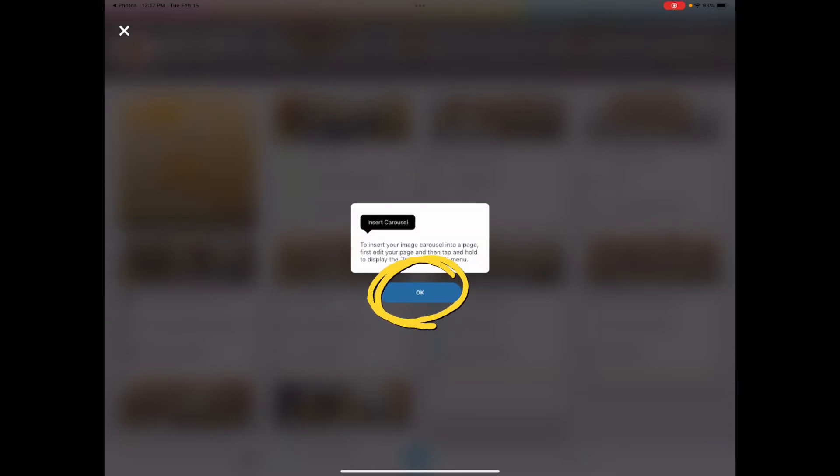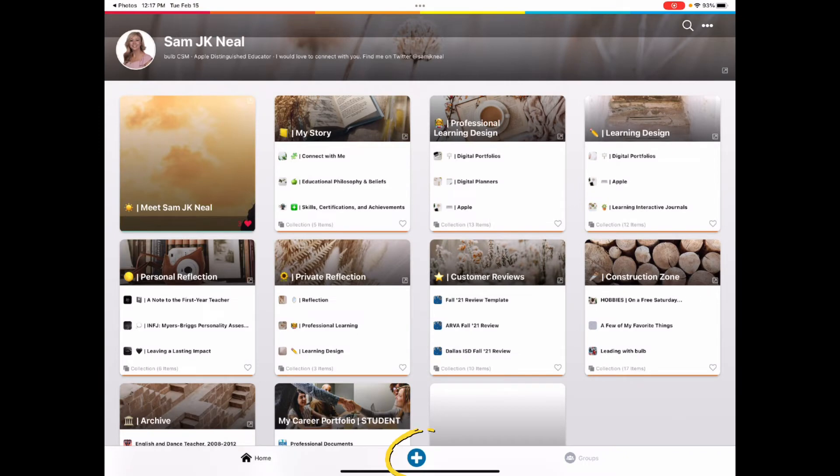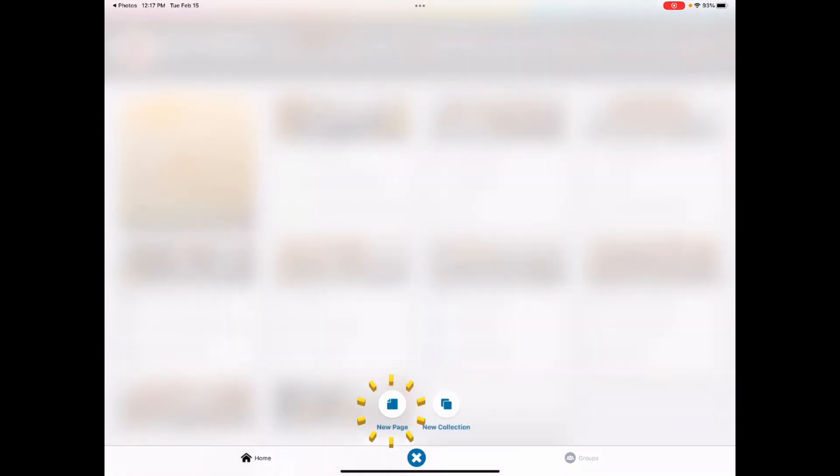Tap OK. You'll be redirected to the Bulb app. Tap the plus sign and select New Page. You can also open an existing page.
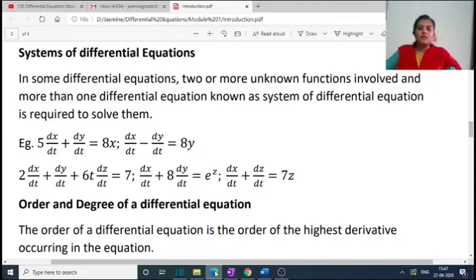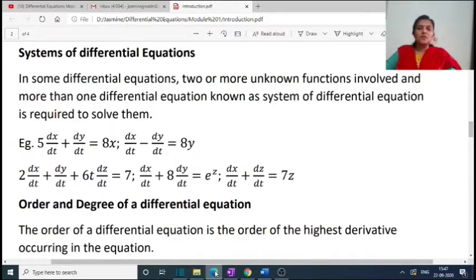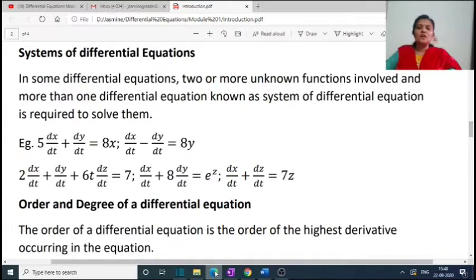Now we have systems of differential equations. When two or more unknown functions are involved, more than one differential equation — known as a system of differential equations — is required to solve them. Example: 5(dx/dt) + dy/dt = 8x, dx/dt − dy/dt = 8y. Here two equations share independent variable t. Another example: 2(dx/dt) + dy/dt + 60(dz/dt) = 7, dx/dt = 7z. Here three differential equations involve independent variable t and dependent variables x, y, z.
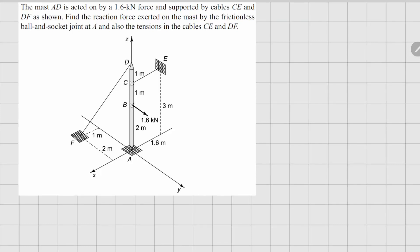This is problem 1.41. The mast AD is acted on by a 1.6 kilonewton force and supported by cables CE and DF. We have to figure out the reactions at the ball and socket joint at A and the tension in the cables.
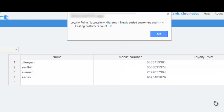If the migration is successful, it will show the alert message: loyalty points successfully migrated, followed by the number of newly added customers and also the number of old customers updated.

* _Goal of the exercise_: Take the preceding listing and transcribe it exactly, skipping the pictures.

* _Answer to this exercise_:
Tap OK. You'll be redirected to the Bulb app. Tap the plus sign and select New Page. You can also open an existing page.
Now we have systems of differential equations. When two or more unknown functions are involved, more than one differential equation — known as a system of differential equations — is required to solve them. Example: 5(dx/dt) + dy/dt = 8x, dx/dt − dy/dt = 8y. Here two equations share independent variable t. Another example: 2(dx/dt) + dy/dt + 60(dz/dt) = 7, dx/dt = 7z. Here three differential equations involve independent variable t and dependent variables x, y, z.
This is problem 1.41. The mast AD is acted on by a 1.6 kilonewton force and supported by cables CE and DF. We have to figure out the reactions at the ball and socket joint at A and the tension in the cables.
If the migration is successful, it will show the alert message: loyalty points successfully migrated, followed by the number of newly added customers and also the number of old customers updated.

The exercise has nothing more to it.